The University of Chicago’s Independent Student Newspaper since 1892

Chicago Maroon

Scholars talk academic freedom at DePaul

Scholars from around the country convened at DePaul University’s downtown campus last weekend for the DePaul Academic Freedom Conference, a two-day forum for scholars to present findings, research, and ideas about recent trends in academic freedom.

The conference was organized by the DePaul Academic Freedom Committee (AFC), a student organization which seeks to examine the issue of academic freedom for universities nationwide. Much of the organization’s efforts were originally spurred by DePaul’s decisions last year to deny tenure to two of the university’s professors, Dr. Norman Finkelstein and Dr. Mehrene Larudee.

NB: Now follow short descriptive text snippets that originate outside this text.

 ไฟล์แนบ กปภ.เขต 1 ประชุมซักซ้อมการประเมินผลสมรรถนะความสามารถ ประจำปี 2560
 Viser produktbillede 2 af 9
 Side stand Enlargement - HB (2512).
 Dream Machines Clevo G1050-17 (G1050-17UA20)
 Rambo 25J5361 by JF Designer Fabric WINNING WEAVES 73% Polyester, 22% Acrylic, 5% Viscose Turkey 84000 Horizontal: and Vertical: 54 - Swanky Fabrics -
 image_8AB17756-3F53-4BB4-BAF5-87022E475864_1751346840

Finkelstein has been a vocal critic of the Israeli government and its role in the Israel-Palestine conflict. Mehrene voiced support for Finkelstein during his controversial tenure case.

The DePaul convention took place against the backdrop of a nationwide dialogue about the limits of academic censorship and free speech. In a similar conference on academic freedom last quarter, the U of C hosted political science professor John Mearsheimer and linguist and political activist Noam Chomsky of the Massachussets Institute of Technology.

Andrew Buchwach, a member of DePaul’s AFC, stressed the vital role of universities in shaping public discourse.

“This is where people learn to think,” he said.

He added that public discourse can become charged and accusatory when particular racial, socioeconomic, or ideological groups become defensive.

With respect to the Israel-Palestine controversy, Buchwach said that the priority of universities should be “freeing up academics to be subjective so we can determine what the hell objectivity is. At the end of the day, we’re not getting all of the facts we need.”

Several speakers at the conference echoed Buchwach’s sentiments.

“We [universities] are in some ways the last bastion for critical analysis and assessment of what our culture does,” said Lawrence Davidson, professor of history at West Chester University in Pennsylvania, during his talk Saturday.

“Zionism is in its present mode the most dangerous thing that Judaism has been confronted with since the Holocaust,” he said. Davidson acknowledged that many critics view his statements as potentially anti-Semitic.

Davidson pointed to the “inherent absurdity and ultra-exaggeration” of attacks on public intellectuals who advocate unpopular views on U.S.–Israeli policy. He urged other academics to go beyond the classroom and into the community, to use their free speech rights in the form of civil liberties.

Landrum Bolling, director of Mercy Corps International and former president of Earlham College, spoke Saturday about his efforts to form a rational and objective account of the Israel-Palestine conflict.

“People of great military power get the seductive idea that they [the dissidents] will only respond to force,” he said. He drew parallels between the Israeli government’s use of force and France’s use of force during the Algerian War of Independence, for which Bolling served as a reporter.

Bolling has made about a dozen trips to Israel and to the occupied territory in his quest for all points of view. He concluded that the most promising solution is to establish a two-state coexistence which would be connected by a central political apparatus.

“There has to be a willingness on both sides to explore various options. There has to be a sense of hope for a peaceful solution,” he said.